WHAT IS NEEDED:
Return all the data verbatim but without images.

EXTRACTED ENTRIES:
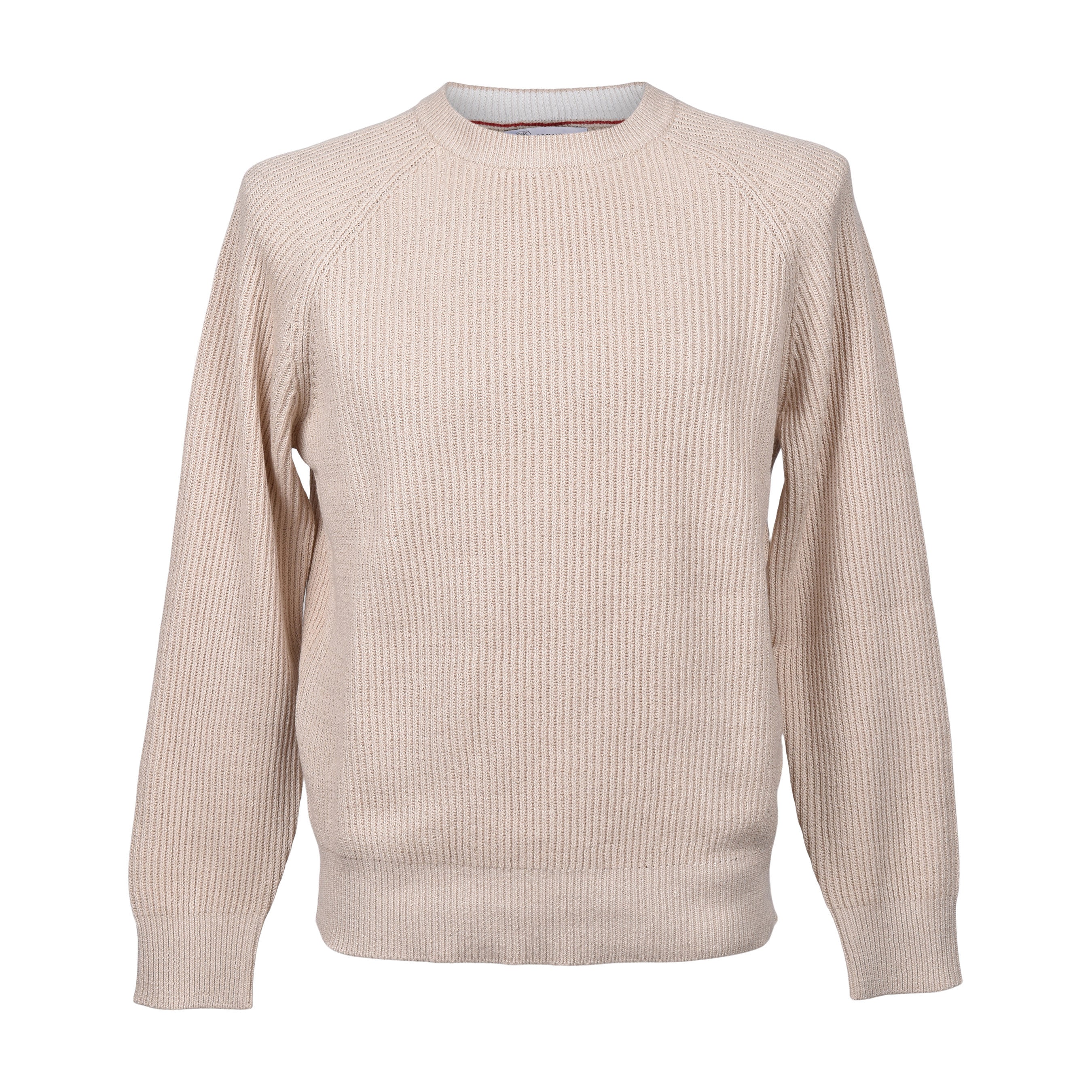 BRUNELLO CUCINELLI MEN'S 100% COTTON CREW NECK ENGLISH RIB SWEATER/PULLOVER NEW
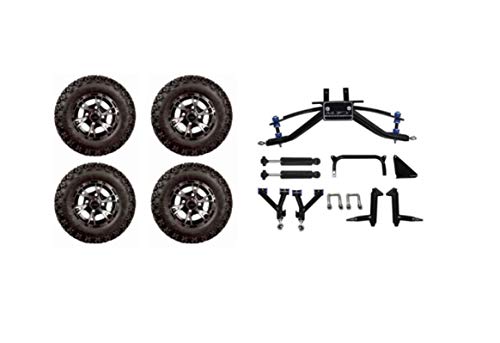 3G Lift Kit Combo with 10" Flash Wheels & Tires for Yamaha Drive/G29 Golf Carts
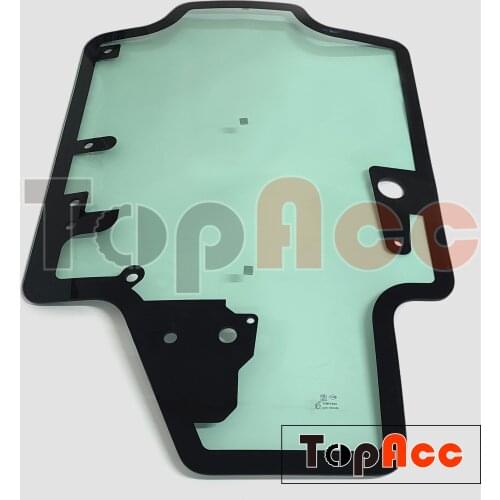 47405930 Front Windshield For New Holland L213 L225 C232 After 2013 Case SR200 (10 Holes) Cab Glass - Door Tinted Compatible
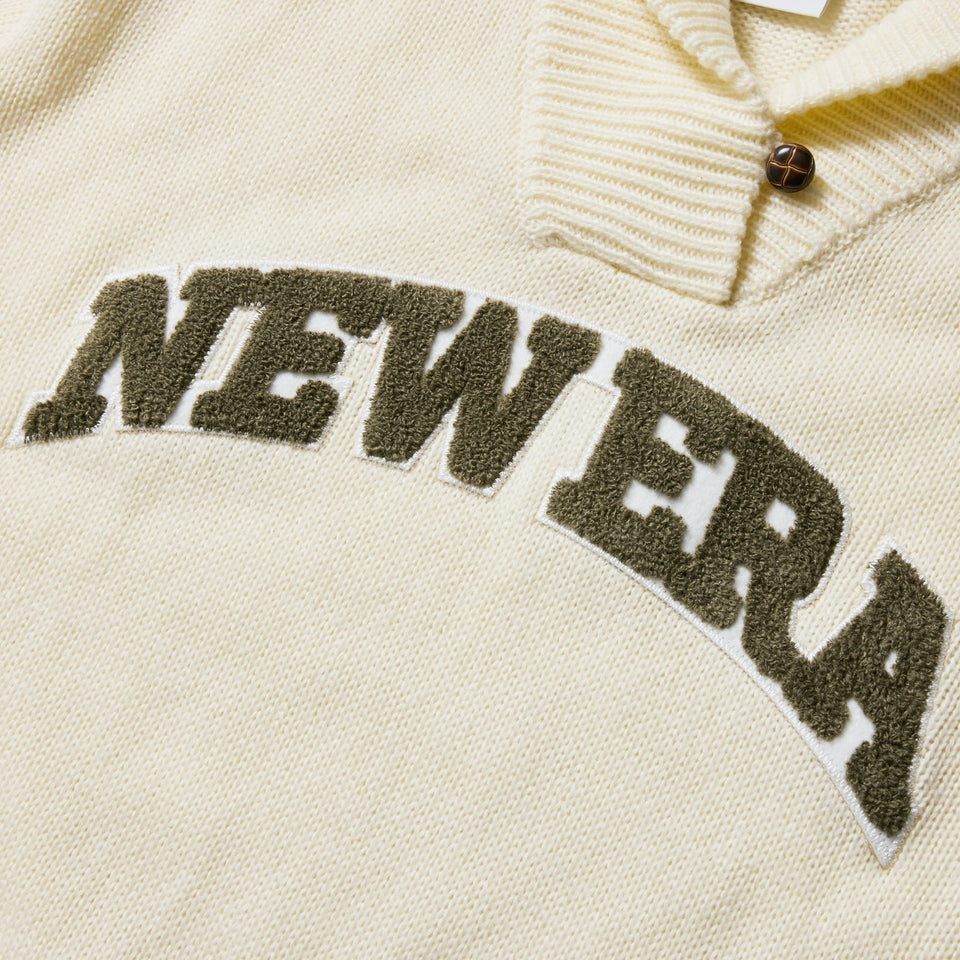 【ゴルフ】Women's ショールカラー ニットセーター オフホワイト - 14326354 - S | NEW ERA ニューエラ公式オンラインストア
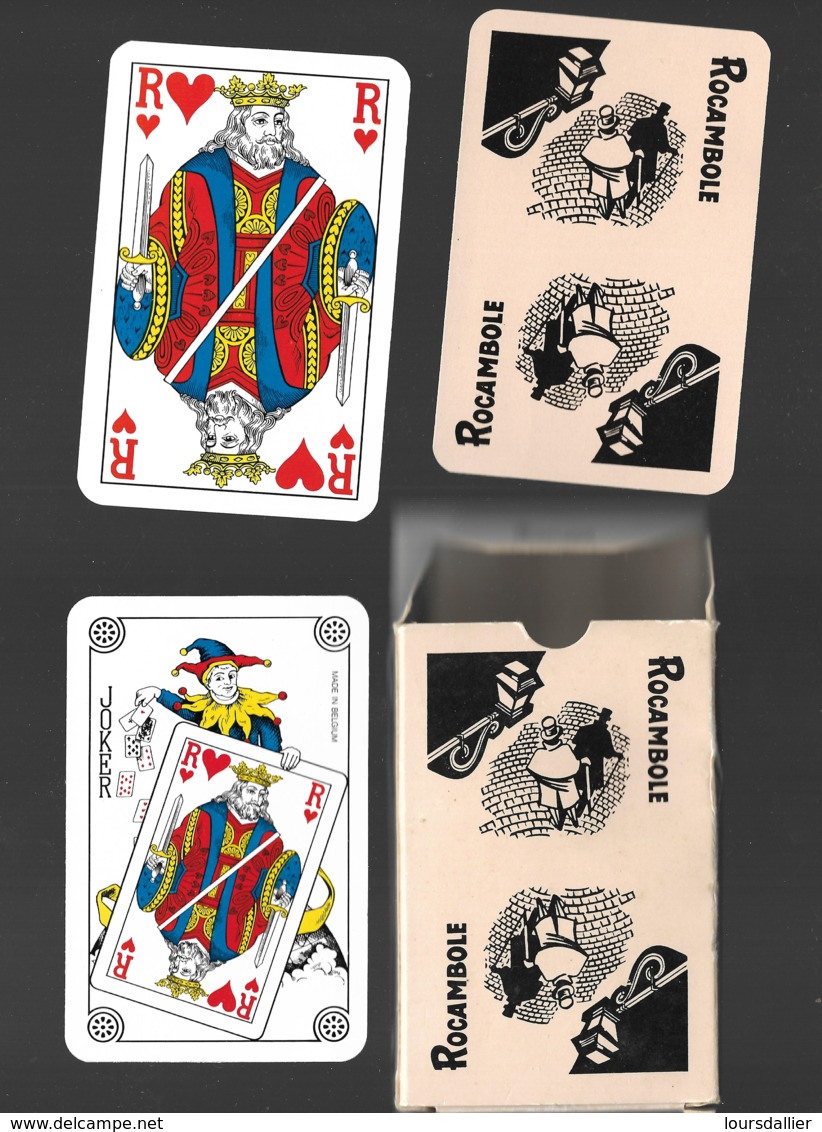 PLAYING CARDS JEU De 32 CARTES A JOUER ETS ROCAMBOLE  BRIDGE 2 Jockers MUNDI TURNHOUT BELGIUM - Other & Unclassified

REPLY:
 BRUNELLO CUCINELLI MEN'S 100% COTTON CREW NECK ENGLISH RIB SWEATER/PULLOVER NEW
 3G Lift Kit Combo with 10" Flash Wheels & Tires for Yamaha Drive/G29 Golf Carts
 47405930 Front Windshield For New Holland L213 L225 C232 After 2013 Case SR200 (10 Holes) Cab Glass - Door Tinted Compatible
 【ゴルフ】Women's ショールカラー ニットセーター オフホワイト - 14326354 - S | NEW ERA ニューエラ公式オンラインストア
 PLAYING CARDS JEU De 32 CARTES A JOUER ETS ROCAMBOLE  BRIDGE 2 Jockers MUNDI TURNHOUT BELGIUM - Other & Unclassified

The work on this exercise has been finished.